- **EXERCISE OBJECTIVE**: Every record below should be copied exactly, with the pictures left out.

§ §

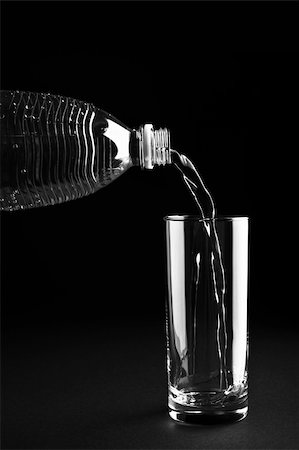 Mineral water being poured into a glass against a black background Stock Photo - Budget Royalty-Free & Subscription, Code: 400-05161248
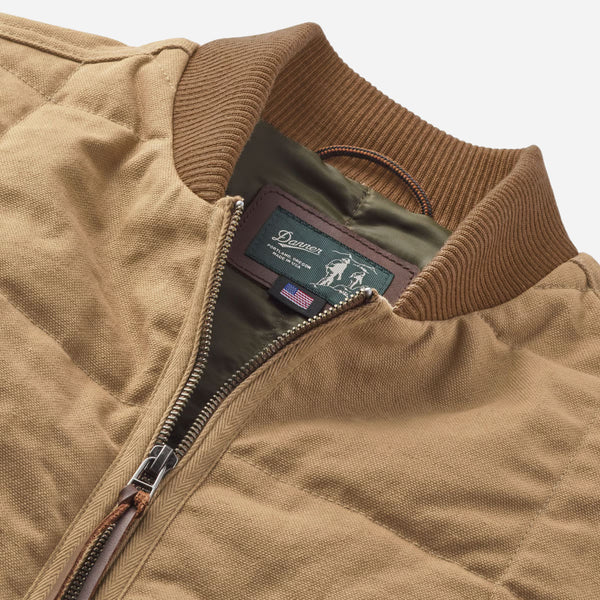 Close-up of a brown jacket with a brand label on a light gray background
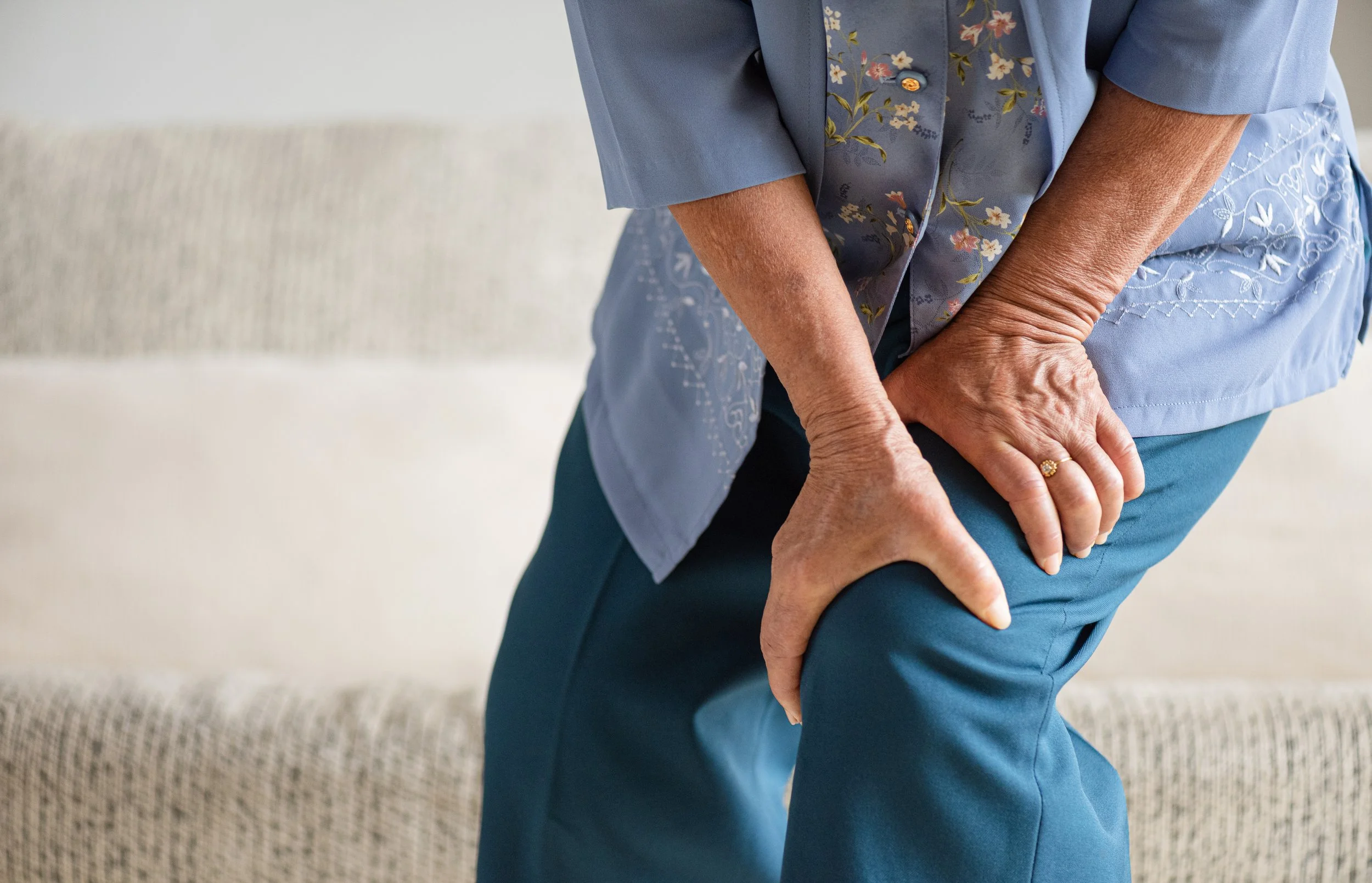 An elderly woman in blue clothing clutching her knee while trying to stand up, illustrating symptoms of osteoarthritis and functional mobility loss.
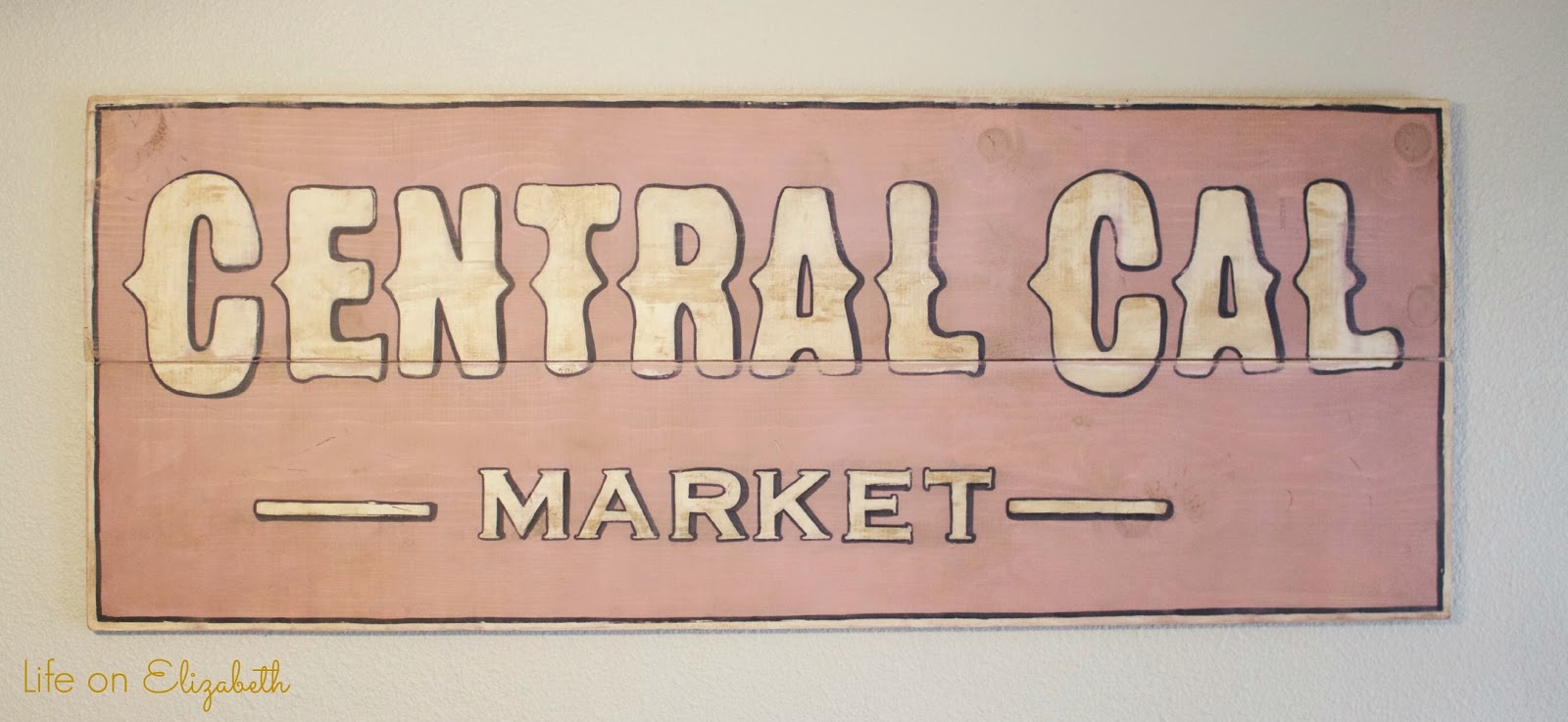 an antique sign i made using folkart home decor chalk paint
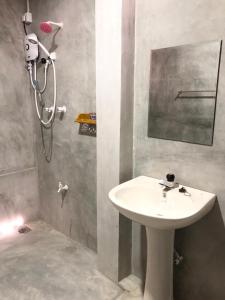 a bathroom with a white sink and a shower at Bimsara Mount Villa in Weligama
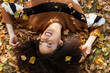 © therabbithole - Young afro american woman lying on autumnal leaves in sunny park.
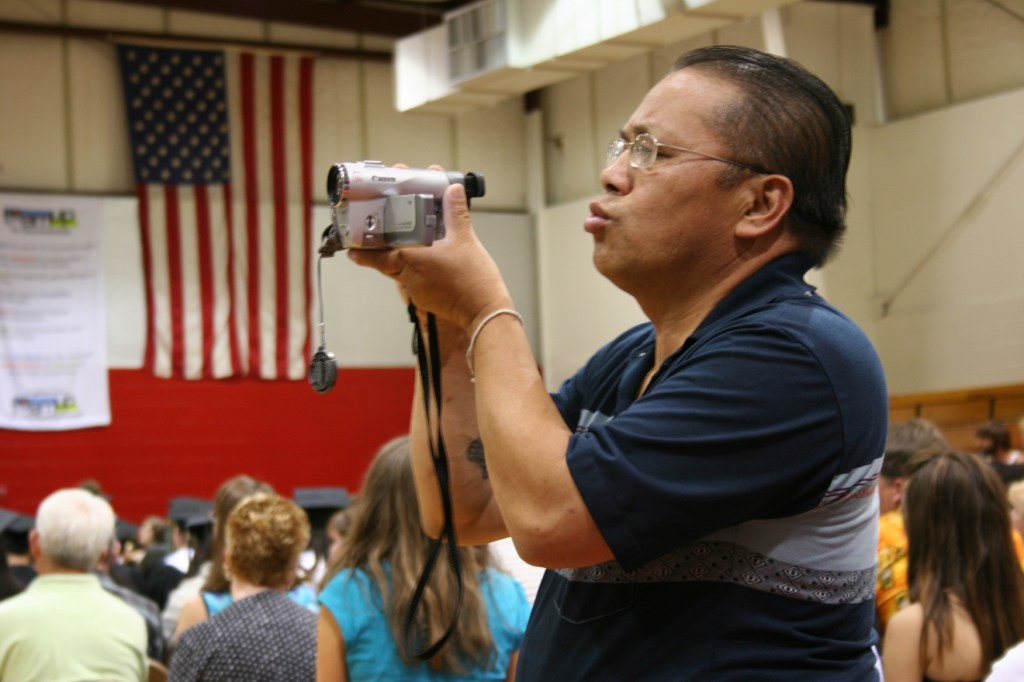 Hmong man videotaping graduation ceremony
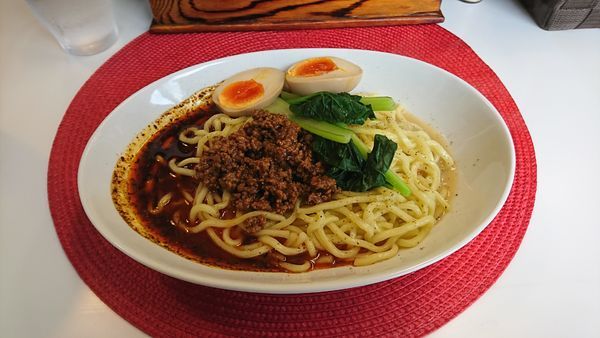 「濃厚汁なし担担麺 味玉」@麺や金時の写真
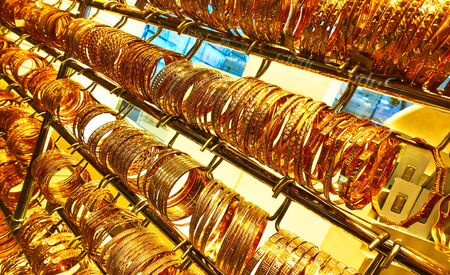 Golden bracelets in a jewelery shop at the Golden Souk market in Dubai, UAE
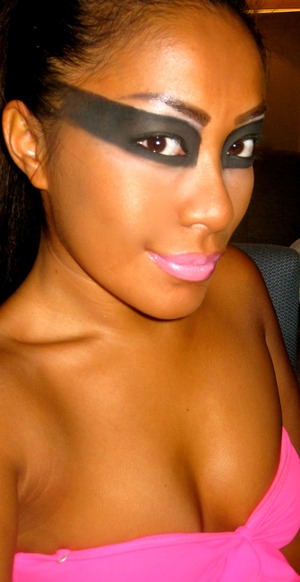 Deep smokey eyes with a dark carbon eyeshadow, skin goldy brown and pink lipstick. 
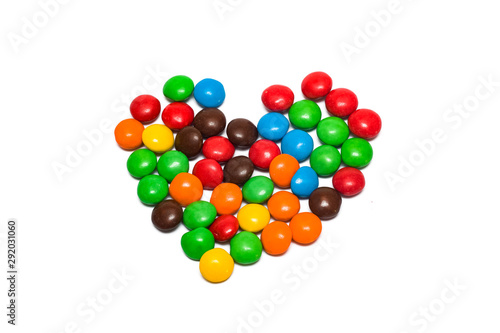 Small multicolored jelly beans as heart isolated on white background photo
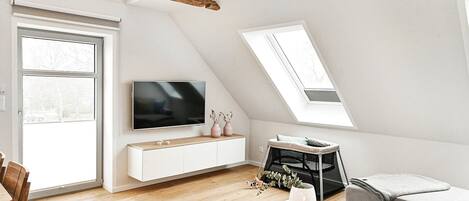 Eine moderne Loft-Wohnung mit schrägem Dach, einem an einer weißen Wand montierten Flachbildfernseher, einem Essbereich mit Holztisch und -stühlen sowie einem grauen Sofa.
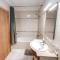 Peniche master bedroom with sea view balcony, private bathroom, shared kitchen, swimming pool, surfing resort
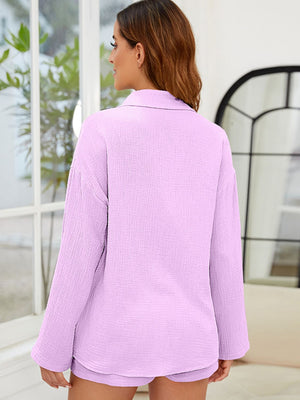 Lavender textured cotton relaxed fit shirt with buttoned collar and long sleeves.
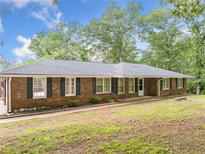 Charming brick home with black shutters, a covered entry, and a lush green lawn at 9 Latimer Rd, Cartersville, GA 30121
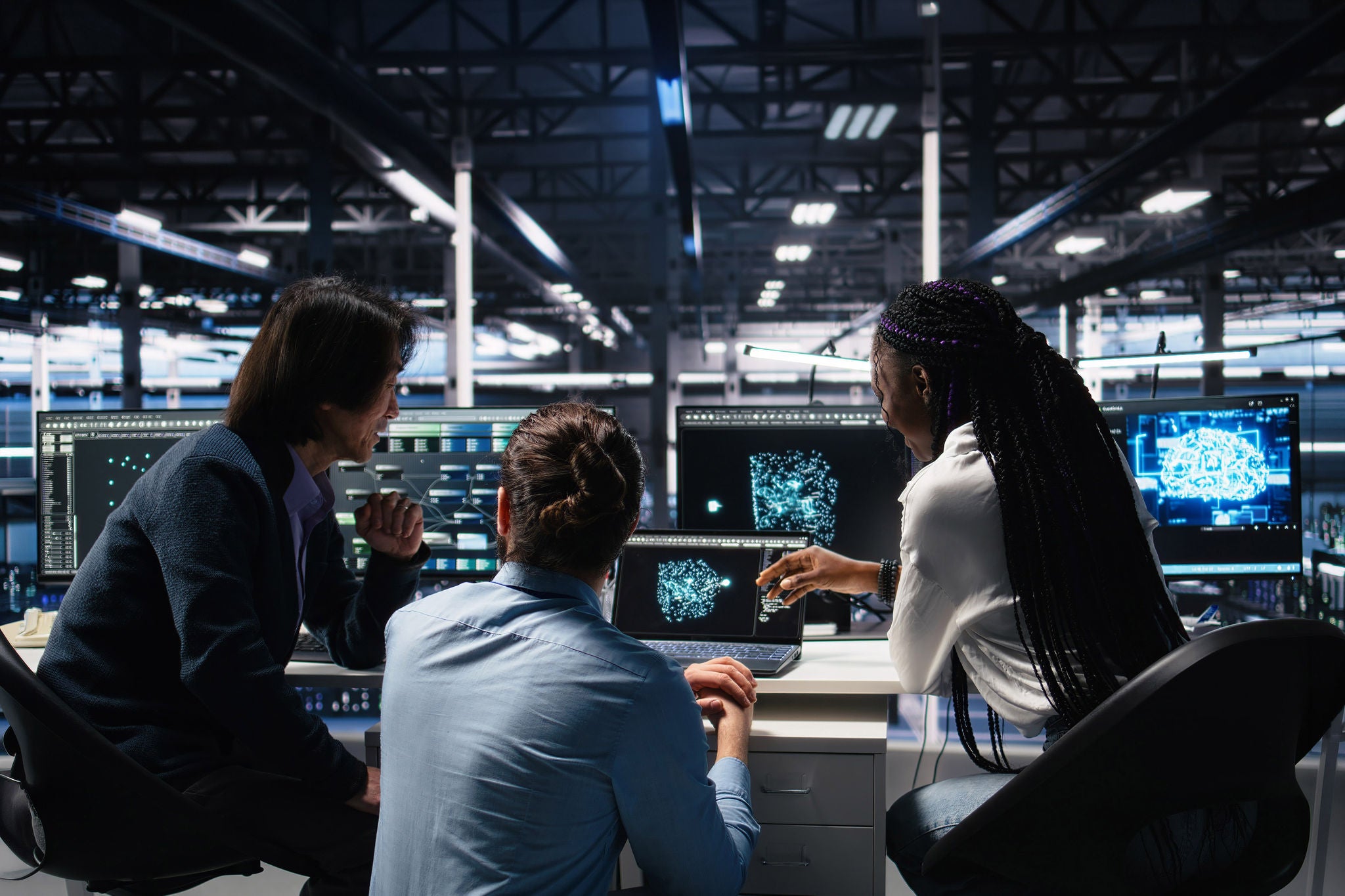 IT specialists in a server room use AI to analyze infrastructure diagnostics and performance data together.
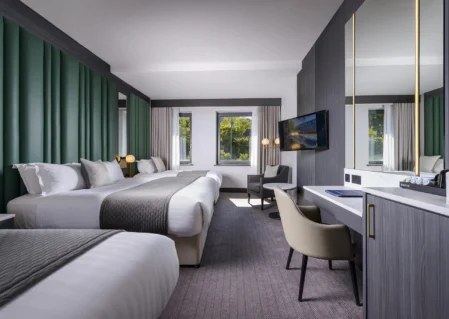 Modern hotel room with two beds, elegant decor, large windows, natural light, desk, and flat-screen TV for a cosy stay.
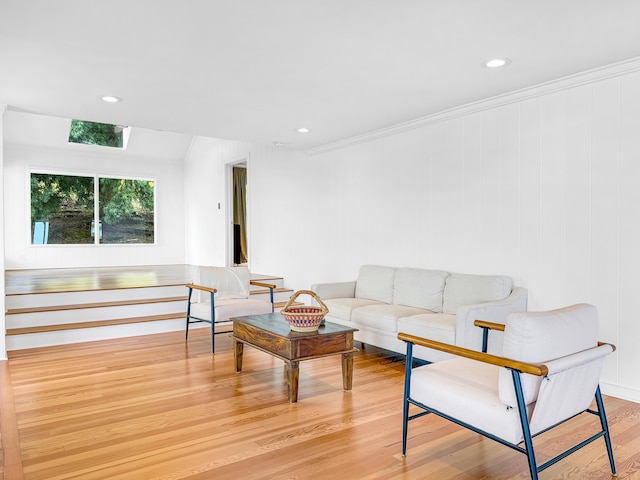 living area featuring wood finished floors, recessed lighting, and crown molding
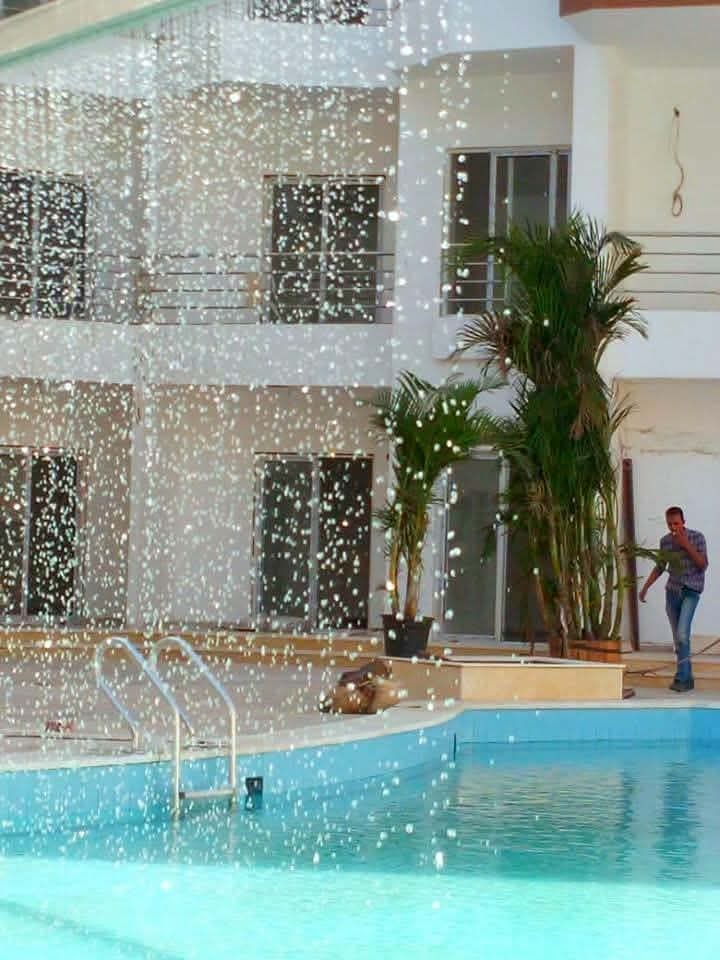 Photograph of the waterfall curtain feature in operation — crystal clear blue pool, tropical palms, the feature that no longer exists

§ §

- **RESULT BELOW**:
 Mineral water being poured into a glass against a black background Stock Photo - Budget Royalty-Free & Subscription, Code: 400-05161248
 Close-up of a brown jacket with a brand label on a light gray background
 An elderly woman in blue clothing clutching her knee while trying to stand up, illustrating symptoms of osteoarthritis and functional mobility loss.
 an antique sign i made using folkart home decor chalk paint
 a bathroom with a white sink and a shower at Bimsara Mount Villa in Weligama
 © therabbithole - Young afro american woman lying on autumnal leaves in sunny park.
 Hmong man videotaping graduation ceremony
 「濃厚汁なし担担麺 味玉」@麺や金時の写真
 Golden bracelets in a jewelery shop at the Golden Souk market in Dubai, UAE
 Deep smokey eyes with a dark carbon eyeshadow, skin goldy brown and pink lipstick. 
 Small multicolored jelly beans as heart isolated on white background photo
 Eine moderne Loft-Wohnung mit schrägem Dach, einem an einer weißen Wand montierten Flachbildfernseher, einem Essbereich mit Holztisch und -stühlen sowie einem grauen Sofa.
 Peniche master bedroom with sea view balcony, private bathroom, shared kitchen, swimming pool, surfing resort
 Lavender textured cotton relaxed fit shirt with buttoned collar and long sleeves.
 Charming brick home with black shutters, a covered entry, and a lush green lawn at 9 Latimer Rd, Cartersville, GA 30121
 IT specialists in a server room use AI to analyze infrastructure diagnostics and performance data together.
 Modern hotel room with two beds, elegant decor, large windows, natural light, desk, and flat-screen TV for a cosy stay.
 living area featuring wood finished floors, recessed lighting, and crown molding
 Photograph of the waterfall curtain feature in operation — crystal clear blue pool, tropical palms, the feature that no longer exists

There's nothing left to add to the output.